Dudley and his team found that highly metastatic breast cancer cells activate other types of cells, called fibroblasts, to “remodel” the surrounding environment so that cancer cells can escape the tumor, enter the lymphatic vessels, and spread to the lymph node. The researchers say that using drugs to interrupt this process early on could offer a way to prevent breast cancer from spreading.
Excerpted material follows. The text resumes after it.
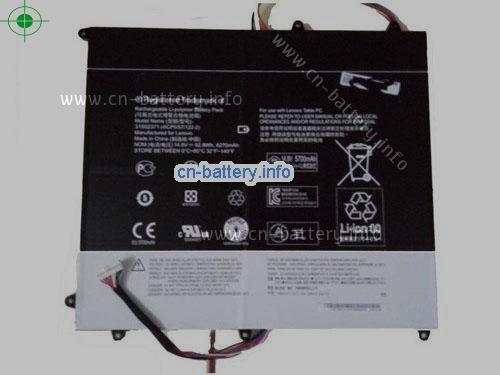 14.8V LENOVO 31502371 电池 6270mAh, 92.8Wh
“We’ve learned from this study how cancer cells can take advantage of non-cancerous cells in their surroundings and change their behavior in order to enter vessels and spread to different sites in the body — especially the lymph nodes,” Dudley said. “Cancer really is a devious disease, and this is just one example of why it can be so difficult to treat. Therapies that target both the cancer cells and the non-cancerous cells that help the tumor along may prove beneficial in the long run.”
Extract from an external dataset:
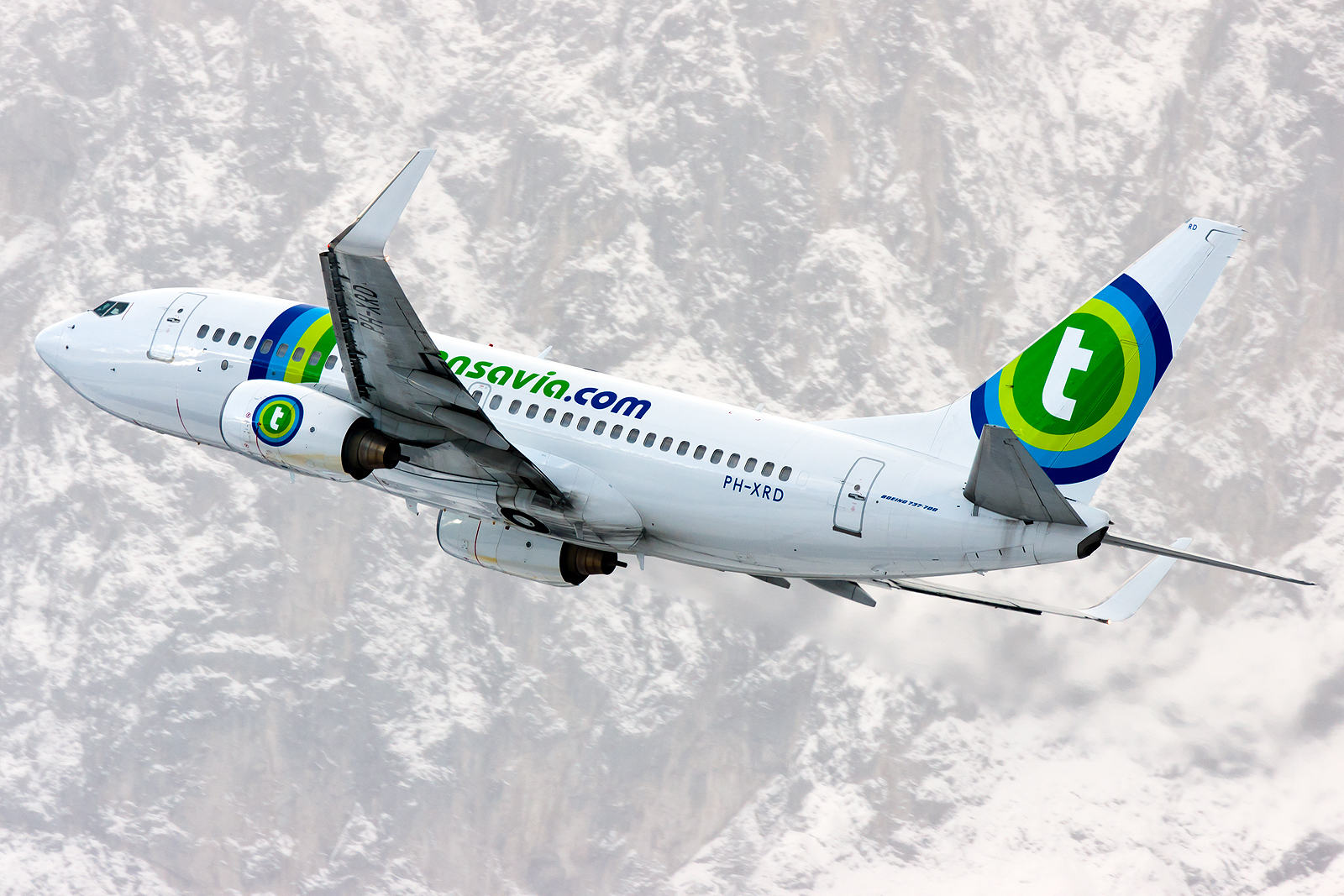 Transavia B737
Dudley hopes his lab’s new findings will help advance the battle against cancer, a key mission of UVA Cancer Center, which has been designated one of only 54 Comprehensive Cancer Centers in the country by the National Cancer Institute. The NCI’s Comprehensive Cancer Center designation recognizes elite cancer centers with the most exceptional cancer programs in the nation. Comprehensive Cancer Centers must meet rigorous standards for innovative research and leading-edge clinical trials, positioning them at the leading edge of cancer care.
“Cancer doesn’t exist in a vacuum,” Dudley said. “In other words, cancer cells have this whole ecosystem or microenvironment where they thrive. We hope that by understanding how cancer cells exploit their microenvironment, we can perhaps develop new types of therapies, improve existing drug responses or even prevent cancer from spreading.”
Findings Published
Dudley and his collaborators have published their immune checkpoint blockade findings in the scientific journal Nature Communications. The team consisted of Dae Joong Kim, Swetha Anandh, Jamie L. Null, Piotr Przanowski, Sanchita Bhatnagar, Pankaj Kumar, Sarah E. Shelton, Erin E. Grundy, Katherine B. Chiappinelli, Roger D. Kamm, David A. Barbie and Dudley. Dudley reported no financial interest in the work; a full list of the other authors’ disclosures is included in the paper.
The metastasis findings have been published in the journal Cancer Research. That team consisted of Null, Kim, James V. McCann, Patcharin Pramoonjago, Jay W. Fox, Kumar, Lincy Edatt, Chad V. Pecot and Dudley. The researchers reported no financial interests in the work.
The metastasis work was supported by the National Cancer Institute, awards F31CA247407-02, T32CA009109, 2R01 CA177875, R01 CA2558451 and 5P30CA044579; the American Cancer Society, award 129755-RSG-16-176-DDC; the Melanoma Research Alliance, award ID612638; and UVA’s Emily Couric Cancer Center and the UVA Genome Analysis and Technology Core.
The immune checkpoint blockade research was supported by the National Cancer Institute, awards 2R01 CA177875, R01 CA2558451, R01 CA248930, U01CA214381 and U54CA261694; a National Institutes of Health postdoctoral fellowship, K00CA212227; the American Cancer Society, award 129755-RSG-16-176-DDC; the Melanoma Research Alliance, award ID612638; and UVA’s Emily Couric Cancer Center.